Even if I try to turn the other cheek, dismissing these incidents as class resentment, or some kind of helpless lashing out, I'd be a fool to ignore my instincts and walk into a potentially dangerous situation on the grounds of racial equality. My instincts of preservation may offend someone who I misread. For that I apologize, with the qualification that I'm just looking out for my own interests and that it's nothing personal. In fact, it's quite the opposite of personal.

Talking to black guys, and hearing enough stories, I have no doubt in my mind that being a young black man, no matter your background, is about being treated differently at every step of your life. You walk into a drug store and the clerk follows you around. You walk down the street and someone averts their gaze and gives you wide berth. You get pulled over for nothing and get threatened (or worse) by the police who are supposed to protect you.

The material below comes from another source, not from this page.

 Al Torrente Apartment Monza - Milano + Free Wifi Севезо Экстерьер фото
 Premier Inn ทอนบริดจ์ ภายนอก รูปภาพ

I can't imagine how frustrating it would be to be a law-abiding, tax-paying patriot and have these sorts of things happen to me. Even if I knew that the cops had spent their careers learning the hard truths about who commits crimes, and that their treatment towards me was nothing personal, the personal threat, not to mention the basic insult to one's pride, would override all else. After a life of unfair experiences I'd be a fool to think that this experience, this cop, is any different.

We should all admit that there's a difference between the personal racism of self-preservation, and the impersonal racism of cultural and institutional exclusion. At some point in American history there was little meaningful difference between the two, but today I think things are quite different. In the personal sense, we're all racists. There is a difference between our realities being shaped by experience, and an arbitrary and unequal legal or social structure. I wish there were two separate words to describe these phenomena. It would clear up a lot of misunderstanding.

When a white guy calls a black guy a racist for seeing things in view of their past experience, he would do well to remember all of the times he didn't give the benefit of the doubt to someone who passed them on the street. Too often, white men take their position in life for granted, assuming that it's all a matter of personal merit that explains the impersonal nature of racial disparities. Many believe that if only black people were as race-blind as they themselves pretend to be out of fear of politically-correct retribution, all of this stuff could be put to rest once and for all.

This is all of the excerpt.